Will President Trump’s “repeal and replace” Obamacare campaign pledge impact or modify value-based contracting?

The Affordable Care Act, which President Trump campaigned to “repeal and replace,” will continue to have an impact on the marketplace.

The “replacement” aspect of this campaign pledge is still unclear and being developed and may impact providers and value-based contracting.  Nevertheless, the ACA had three goals that all payors will still seek to implement even after any “repeal” of the ACA.  

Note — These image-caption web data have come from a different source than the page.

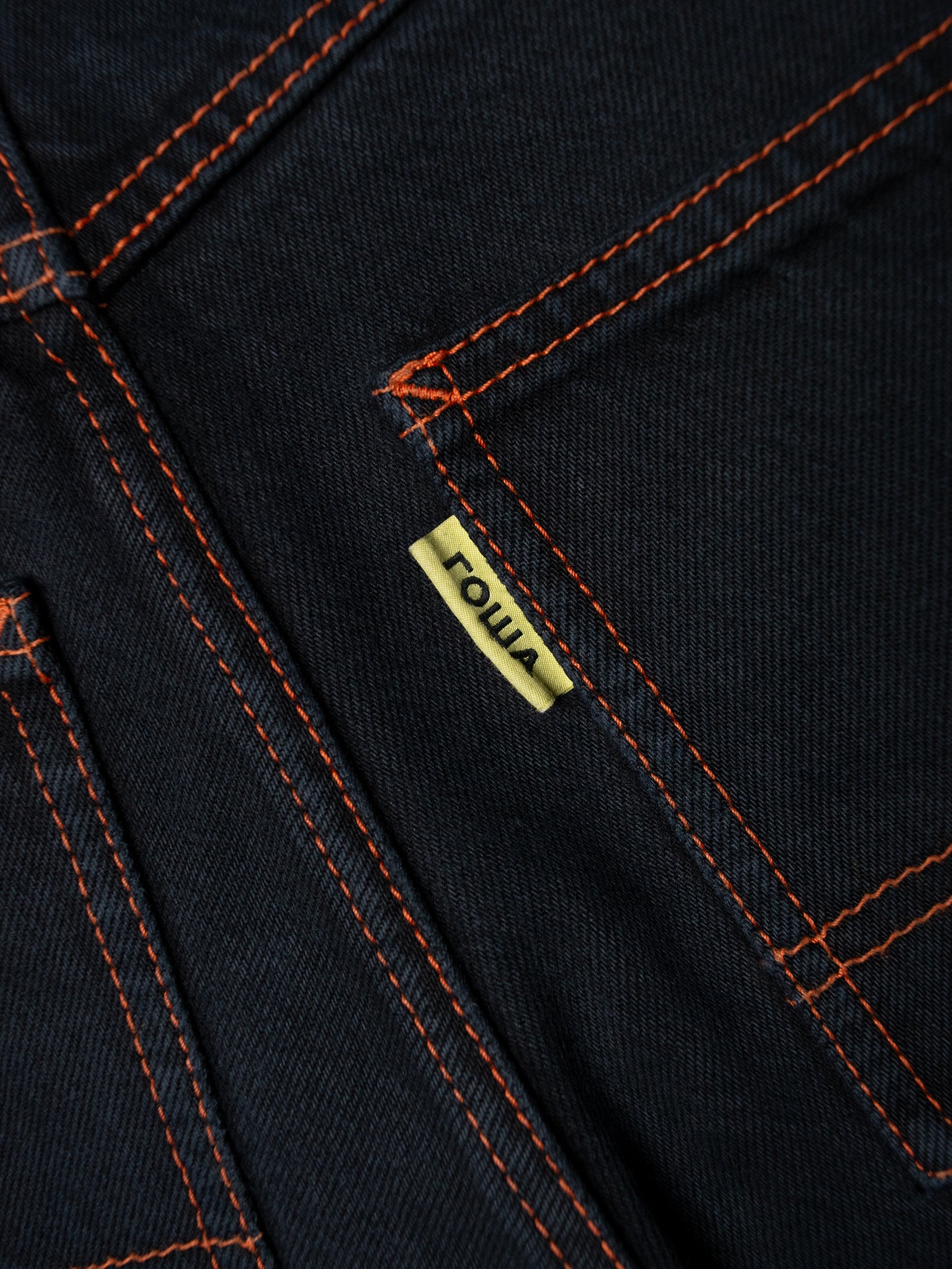 Gosha Rubchinskiy - A/W 2016 - contrast stitch straight leg jeans (black) - size S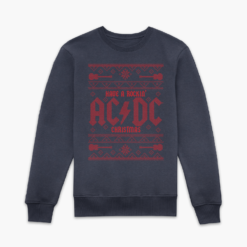 AC/DC Have A Rockin' Christmas (red) Sweatshirt - Navy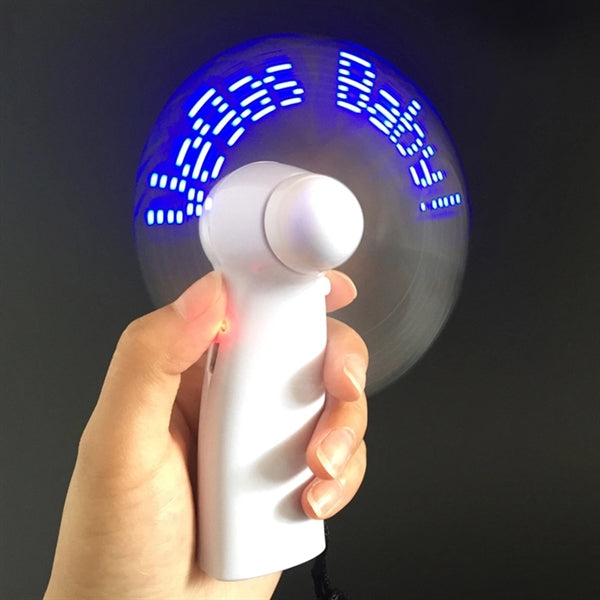 Mini Hand Held Message LED Light Fan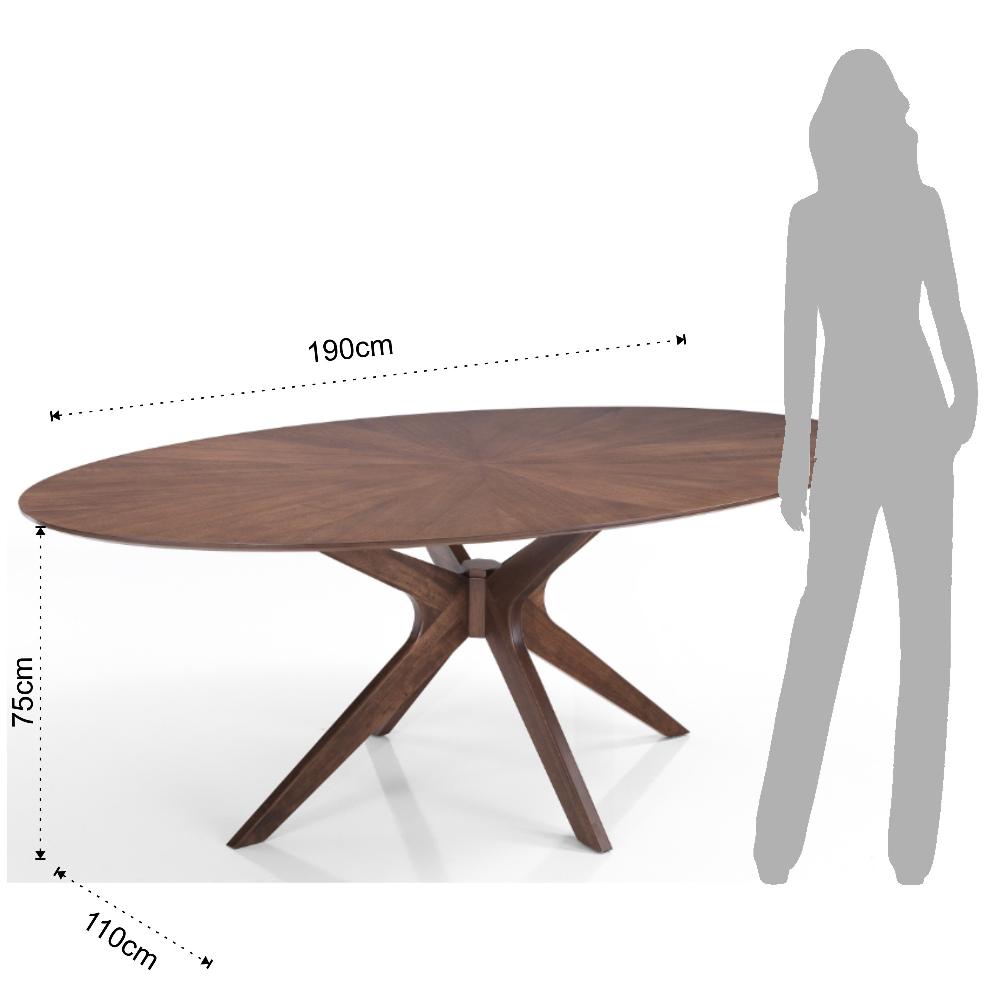 Tomasucci Tavolo ovale TALLIN DARK WOOD Nuovo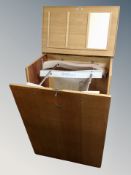 A Danish teak architect's cabinet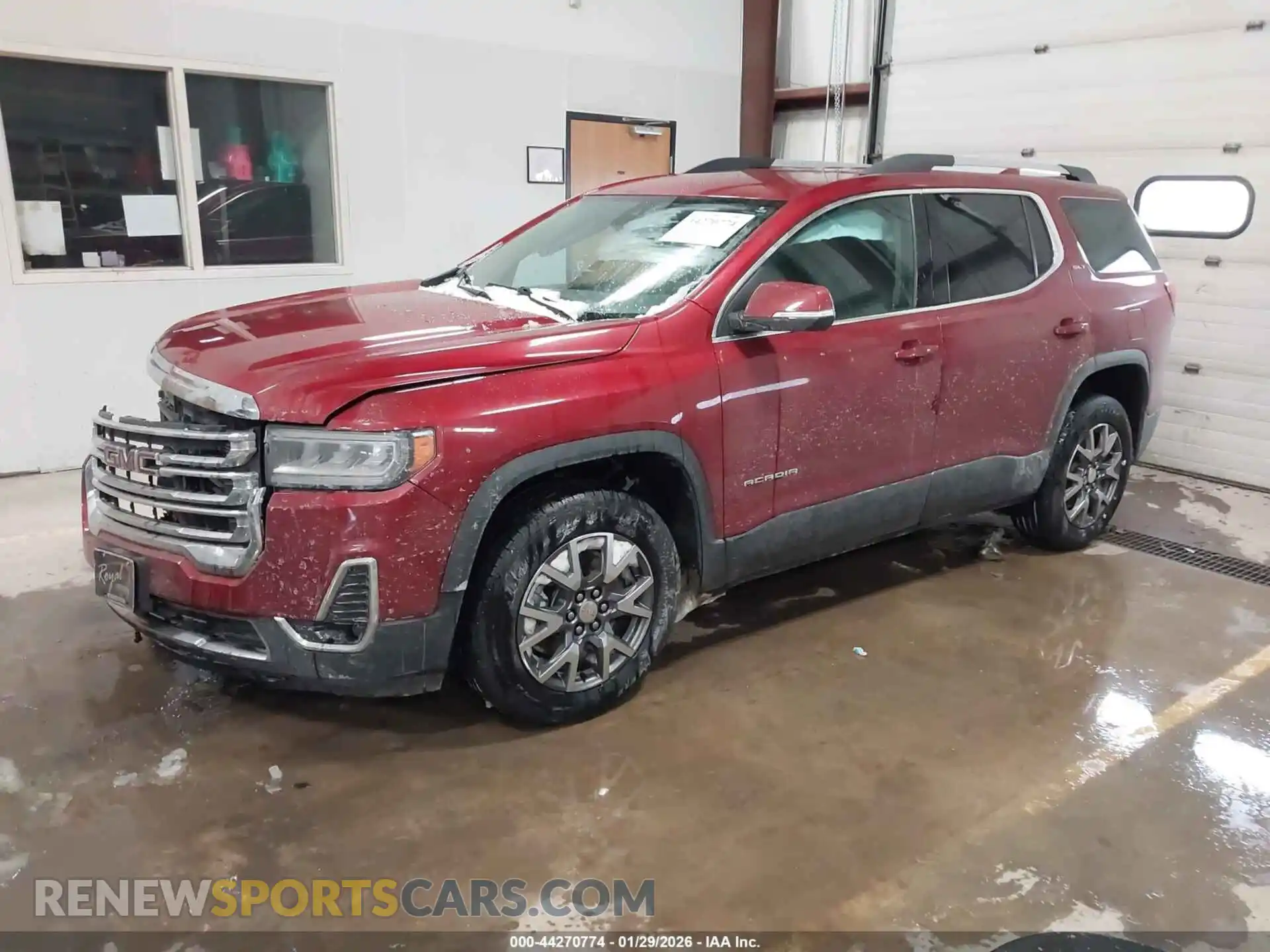 2 Photograph of a damaged car 1GKKNUL49PZ145337 GMC ACADIA 2023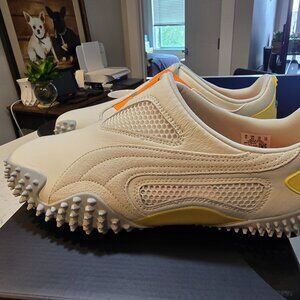 PUMA UR Mostro Communication 401719-02 Warm White Light Straw Men's Size 10 NEW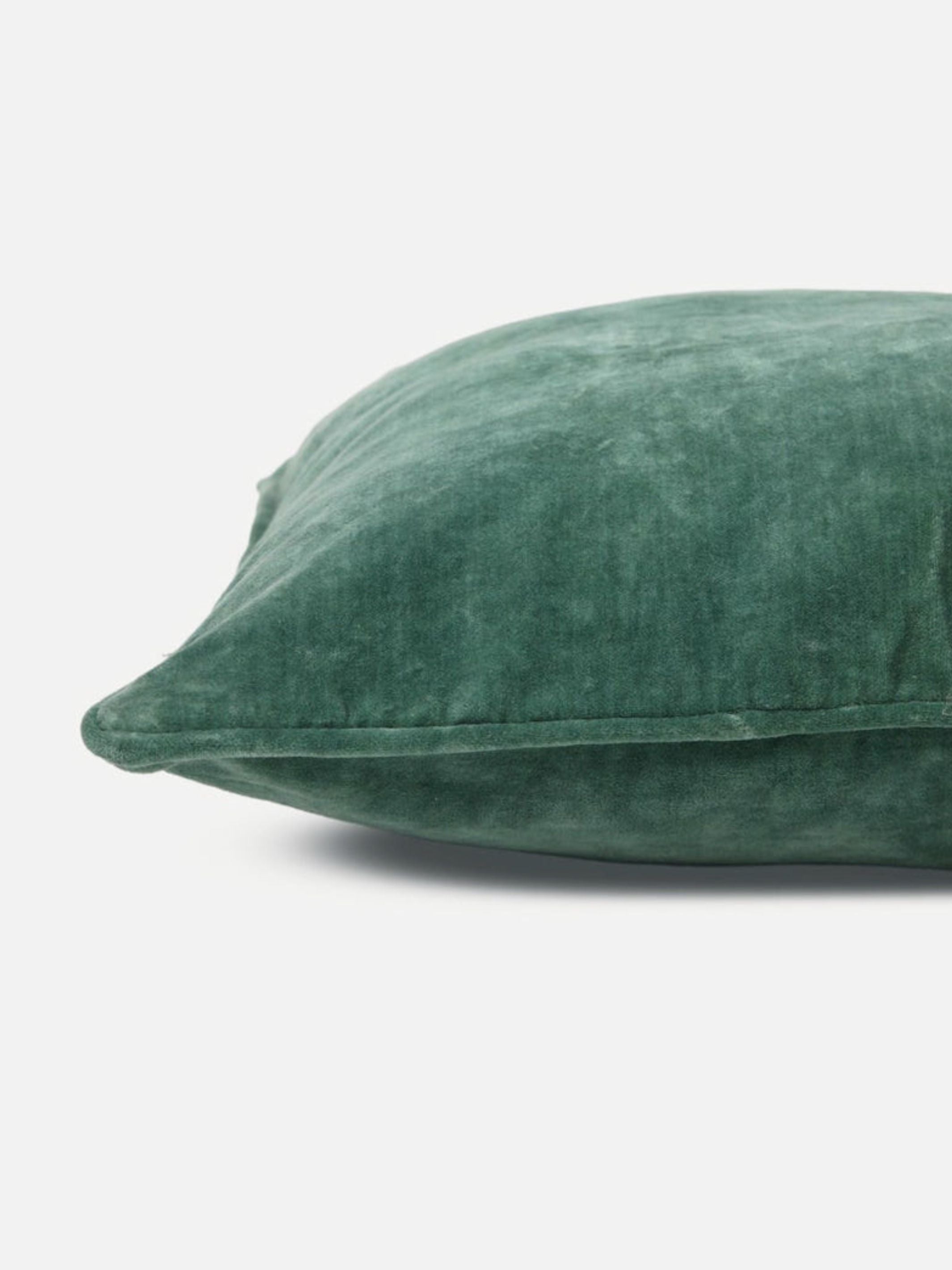 Cushion Cover - Eucalyptus Velvet Euro Sham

The primary goals of ACA were: High-quality of care with strong consumer approval; wellness care models that focus on preventing illness in populations; and lower costs to Medicare or any payor. These goals have caused accountable care organizations to structure themselves to act through “value-based contracting” with their providers, which include hospitals, physicians and organizations providing services to seniors.  These primary goals of the ACA will continue to motivate payors and providers even after any changes to the ACA, regardless of any “replacement” strategy.  

Thus, value-based contracts should remain important in the marketplaces.  Organizations that provide services to seniors should continue to strive toward these ACA goals by focusing on wellness programs that provide quality care yet at lower costs.  

The fact is senior care service organizations must be able to demonstrate to all payors through data and clinical protocols that they further these value-based goals and are aware of other issues affecting providers, (e.g., reducing readmissions of patients back to a hospital).  Payors will continue to provide patients to all providers of care that can improve quality and lower costs.